In general, 64-bit numbers (and even greater values) can be stored with multiple words, e.g. an unsigned long long
uses two dword
s. To add two 64-bit numbers, two additions are performed - one on the low 32 bits, and one on the high 32 bits, plus the carry:
; Add 64-bit number from esi onto edi:
mov eax, [esi] ; get low 32 bits of source
add [edi], eax ; add to low 32 bits of destination
; That add may have overflowed, and if it did, carry flag = 1.
mov eax, [esi+4] ; get high 32 bits of source
adc [edi+4], eax ; add to high 32 bits of destination, then add carry.

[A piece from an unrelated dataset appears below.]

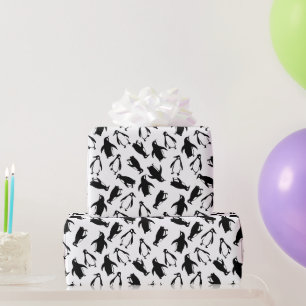 Papel De Regalo Patrón de pingüino blanco negro lindo fondo blanco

You can repeat this sequence of add
and adc
s as much as you like to add arbitrarily big numbers. The same thing can be done with subtraction - just use sub
and sbb
(subtract with borrow).
Multiplication and division are much more complicated, and the compiler usually produces some small helper functions to deal with these whenever you multiply 64-bit numbers together. Packages like GMP which support very, very large integers use SSE/SSE2 to speed things up. Take a look at this Wikipedia article for more information on multiplication algorithms.
回答4:
As others have pointed out all 64-bit aritmetic in your example has been optimised away. This answer focuses on the question int the title.
Basically we treat each 32-bit number as a digit and work in base 4294967296. In this manner we can work on arbiterally big numbers.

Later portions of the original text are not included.